Louis: Yeah, there was a student who heard about our product through a UD magazine and he was a golfer, in mechanical engineering, and was interested in taking RopeIt to a more technology-based platform. We had an application on the iTunes App Store already and he thought that instead of manually entering your data (which is currently how this software functions), you select your shot score between 1-5 and is just a simple way of determining how your shot was based on your visual feedback." He thought that we should create hardware that can give us a real number that is based in reality - based on hard facts - not just your impression of the shot.

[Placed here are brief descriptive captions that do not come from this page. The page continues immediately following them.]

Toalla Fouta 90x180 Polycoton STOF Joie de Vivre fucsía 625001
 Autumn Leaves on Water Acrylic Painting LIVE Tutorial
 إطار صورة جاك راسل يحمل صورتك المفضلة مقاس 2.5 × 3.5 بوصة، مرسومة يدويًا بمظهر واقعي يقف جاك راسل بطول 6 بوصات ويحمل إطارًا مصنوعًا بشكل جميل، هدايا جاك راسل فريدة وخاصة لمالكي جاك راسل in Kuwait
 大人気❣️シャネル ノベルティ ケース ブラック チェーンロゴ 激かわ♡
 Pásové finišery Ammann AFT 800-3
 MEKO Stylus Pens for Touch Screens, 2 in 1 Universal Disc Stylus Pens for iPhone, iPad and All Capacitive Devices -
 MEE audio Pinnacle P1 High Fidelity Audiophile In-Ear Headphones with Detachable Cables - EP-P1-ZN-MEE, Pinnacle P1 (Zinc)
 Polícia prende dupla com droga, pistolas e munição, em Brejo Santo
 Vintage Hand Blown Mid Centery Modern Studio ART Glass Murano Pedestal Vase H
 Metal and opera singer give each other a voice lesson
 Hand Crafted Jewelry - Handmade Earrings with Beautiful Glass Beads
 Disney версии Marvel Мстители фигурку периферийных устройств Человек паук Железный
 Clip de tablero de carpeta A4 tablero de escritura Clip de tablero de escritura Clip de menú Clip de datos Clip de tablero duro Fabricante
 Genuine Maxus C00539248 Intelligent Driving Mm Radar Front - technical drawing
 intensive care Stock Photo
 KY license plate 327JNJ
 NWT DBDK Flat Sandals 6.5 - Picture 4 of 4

The RopeIt Blog: And he took that and went where with it?
Louis: He started an independent study project in the winter session of 2012-2013 and built the prototype out of simple components. He took commoditized inputs that sit on a simple motherboard that he built singlehandedly and gave the current engineering team a really solid foundation to start.

The RopeIt Blog: Is he a part of the team now?
Louis: Yeah, he is not so much leading the team but more so a liaison between the team and the RopeIt golf management.

The RopeIt Blog: Is there a bigger trend in sports performance that this ties in to? Are you leading the way or responding? What is your sense with technology and mobile and GPS are going?
Louis: Yeah I don't think that we were looking to be revolutionaries in the sports technology world. This is more something that organically came from someone that was interested with the product but there is definitely a movement that is getting feedback from real life and getting quantitative data that is valuable to the user after they take their shot. This is something that a lot of people are trying to do and we don't mean to be authorities in the space but we are definitely jumping on the train that is heading somewhere.